### The task
Copy the material below verbatim from the line with "The kingdom of" to the line with "Yeşil Kız Çocuk Baskılı Mint Tişört", both lines included, omitting pictures and every line outside that range.

### Task input
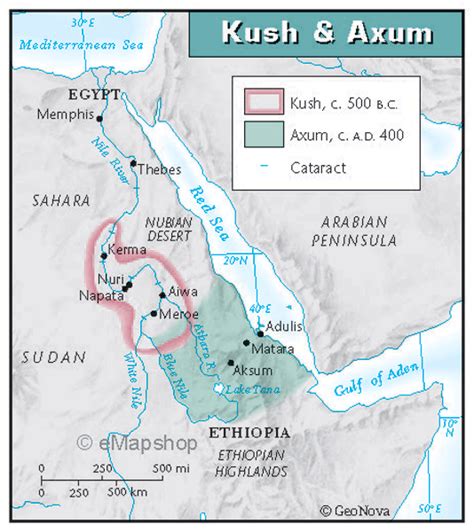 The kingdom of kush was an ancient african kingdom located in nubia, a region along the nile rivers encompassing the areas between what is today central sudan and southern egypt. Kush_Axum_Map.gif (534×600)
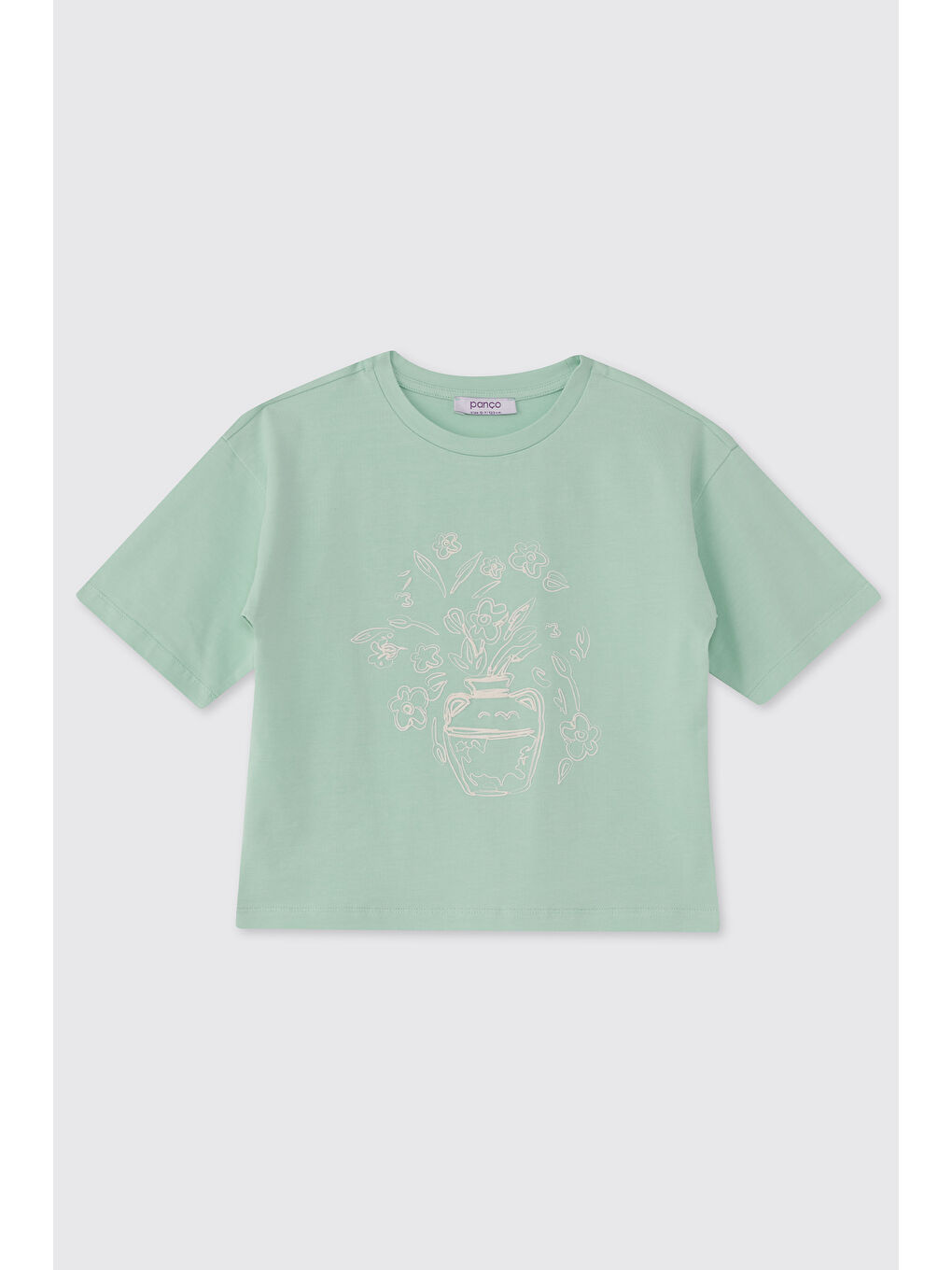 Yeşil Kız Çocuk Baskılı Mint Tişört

--

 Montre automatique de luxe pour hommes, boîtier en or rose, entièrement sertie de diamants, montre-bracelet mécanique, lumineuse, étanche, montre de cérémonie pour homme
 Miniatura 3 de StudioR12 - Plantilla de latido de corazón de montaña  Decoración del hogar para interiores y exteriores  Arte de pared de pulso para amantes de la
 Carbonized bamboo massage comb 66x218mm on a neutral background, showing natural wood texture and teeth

### Output for this exercise
 The kingdom of kush was an ancient african kingdom located in nubia, a region along the nile rivers encompassing the areas between what is today central sudan and southern egypt. Kush_Axum_Map.gif (534×600)
 Yeşil Kız Çocuk Baskılı Mint Tişört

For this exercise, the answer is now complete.